Since the ab initio structures are periodic in all 3 directions, do the atoms are the atoms at the bottom of the slab also exposed to the vacuum on the top? To better illustrate my question, here’s an illustration of a catalyst + adsorbate system from the paper:
I drew the main simulation box, everything outside is a periodic image.
Consider the black atom at the bottom - I drew a cutoff radius around it. Since the boundary conditions are periodic, is my understanding correct that this black atom at the bottom of the slab is also exposed to the vacuum?

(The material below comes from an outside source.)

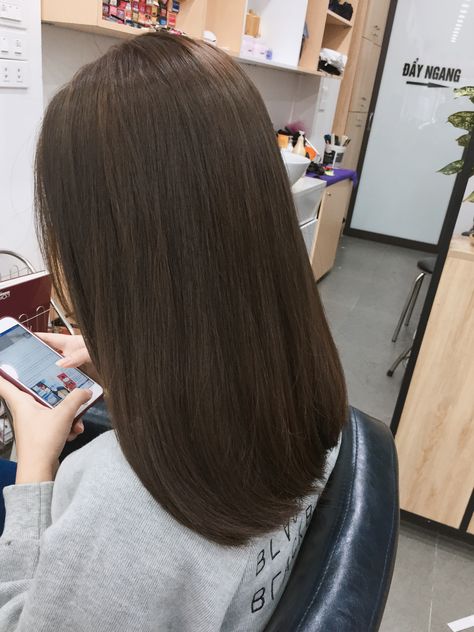 Hairstyle For Rebonded Hair, Haircut For Rebonded Hair, Rebonded Hair, Hairstyle Korean, Golden Brown Hair Color, Stop Hair Breakage, Golden Brown Hair, Brown Hair Looks, Ash Hair Color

Correct. Despite periodicity in all 3 directions, the presence of the vacuum effectively prevents the atoms at the bottom of the surface from seeing the adsorbates in the periodic image (as intended).
The LMDBs do already account for PBC. You’ll see a cell_offset attribute in there as well, corresponding to what neighboring unit cell the neighbor is. If you are using the OCP models you will need to set use_pbc: True in your config (ocp/dpp.yml at 3ace0f225c54bae0413b26c6ed23ea09ff73e784 · Open-Catalyst-Project/ocp · GitHub) to properly calculate distances, angles, etc.
Thank you for the clarification. Initially I thought get_pbc_distances() updates the edge list with PBC in dimenet++. So .lmdb 's provided are all the final graphs structures with pbc. Thank you again !!